> _Given data_
-=-=-=-=-
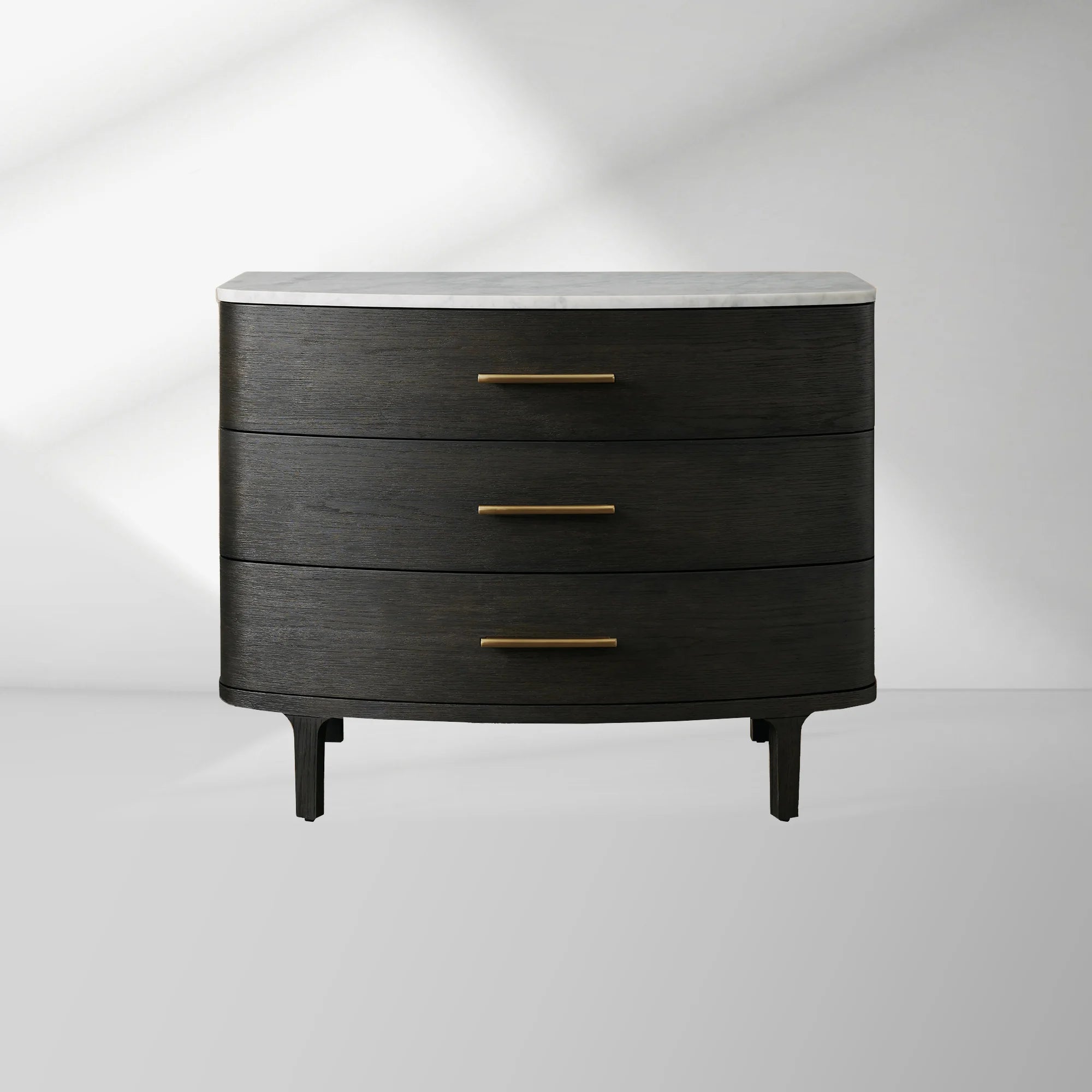 Danny Three-Drawer Chest in Oak with Marble Top and Soft-Close Drawers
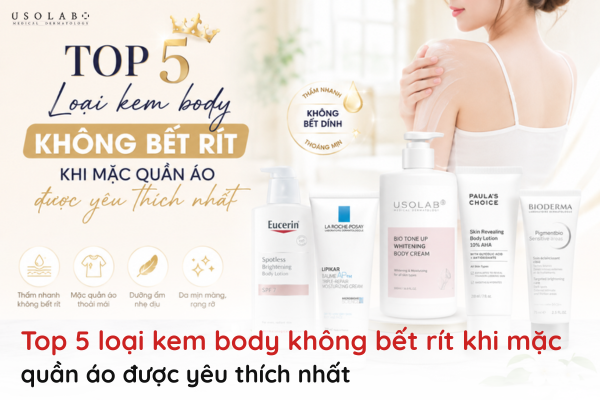 kem body không bết rít khi mặc quần áo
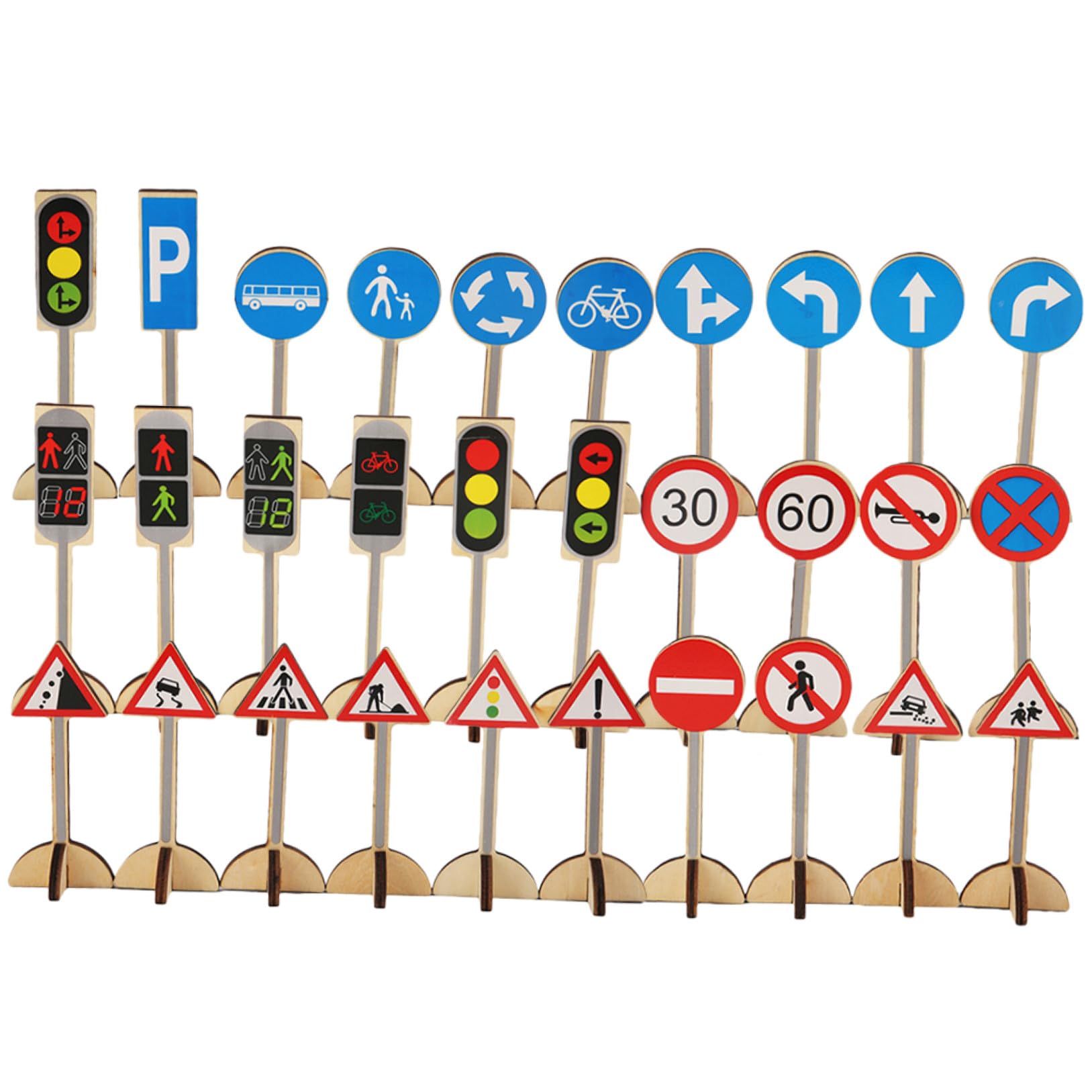 GARVALON Giocattolo Stradali in Legno per Bambini, Set 30, Gioco di Simulazione Sicuro per Veicolare e Apprendimento Precoce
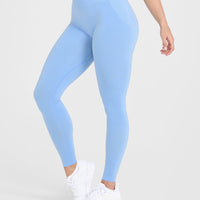 Effortless Seamless Leggings with White Logo | Powdered Blue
-=-=-=-=-
> _Task item_
All lines from the one containing "GARVALON Giocattolo Stradali" to the last line of the data above, both included, should be printed exactly, and the pictures should not appear.

> _Response box_
 GARVALON Giocattolo Stradali in Legno per Bambini, Set 30, Gioco di Simulazione Sicuro per Veicolare e Apprendimento Precoce
 Effortless Seamless Leggings with White Logo | Powdered Blue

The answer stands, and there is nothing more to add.